Nickel prices showed a pattern of stopping falling and stabilizing with a fluctuating rebound this week. At the start of the week, the US-Iran peace agreement became the key variable reversing market sentiment; as the geopolitical risk premium rapidly faded, market risk appetite recovered significantly. Meanwhile, the US Fed kept rates unchanged at its June FOMC meeting, in line with market expectations. Driven by the macro sentiment recovery, SHFE and LME nickel prices rose from earlier lows amid fluctuations. The most-traded SHFE nickel contract rebounded from the 135,000 yuan/mt area to near 137,000 yuan/mt, and LME nickel rallied in tandem to above $17,900/mt. This week, the SMM #1 refined nickel average price was 136,112 yuan/mt, up 450 yuan/mt WoW. Jinchuan nickel premiums stabilized at 1,300–1,500 yuan/mt, while mainstream electrodeposited nickel discounts were in the -500 to -400 yuan/mt range. Spot trading activity weakened from the previous week, as the futures price rebound and the completion of purchasing by most end-users left downstream parties largely on the sidelines.
On the macro front, the most positive change this week came from the breakthrough in US-Iran relations. The US and Iran reached a peace agreement, and the Strait of Hormuz is expected to fully resume navigation in the near term, a geopolitical positive that boosted risk appetite. Some media outlets reported that the agreement would be officially signed on June 19, after which the Strait of Hormuz would fully reopen. On June 18 Beijing time, the US Fed kept the benchmark interest rate unchanged at 3.50%–3.75%, marking the fourth consecutive pause in rate cuts. The Fed held its FOMC meeting on June 16-17, and the market had previously priced in a 98.5% probability of an unchanged rate. However, the hawkish signals from this meeting cannot be ignored.

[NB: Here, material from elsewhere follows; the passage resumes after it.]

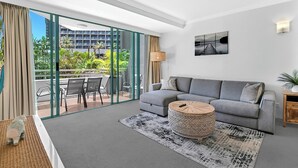 A modern living room with a grey sofa, a round wooden coffee table, and a large glass door leading to an outdoor balcony with a view of a building and greenery. - Sunlit 1-Bedroom Apt at Crown Tower with Parking (Surfers Paradise)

The new chair, Warsh, leaned hawkish, and the dot plot showed that half of officials expected at least one rate hike this year.
Inventory side, Shanghai Bonded Zone inventory was around 2,700 mt this week, building up by 1,000 mt WoW. China’s social inventory stood at about 126,000 mt, with a slight destocking of roughly 86 mt WoW.
Following the US-Iran agreement, expectations of sulfur supply recovery intensified, weakening the cost-support logic. With refined nickel inventories continuing to build up both in and outside China, upside resistance for nickel prices is clear. The most-traded SHFE nickel contract is expected to trade in a core range of 130,000–138,000 yuan/mt.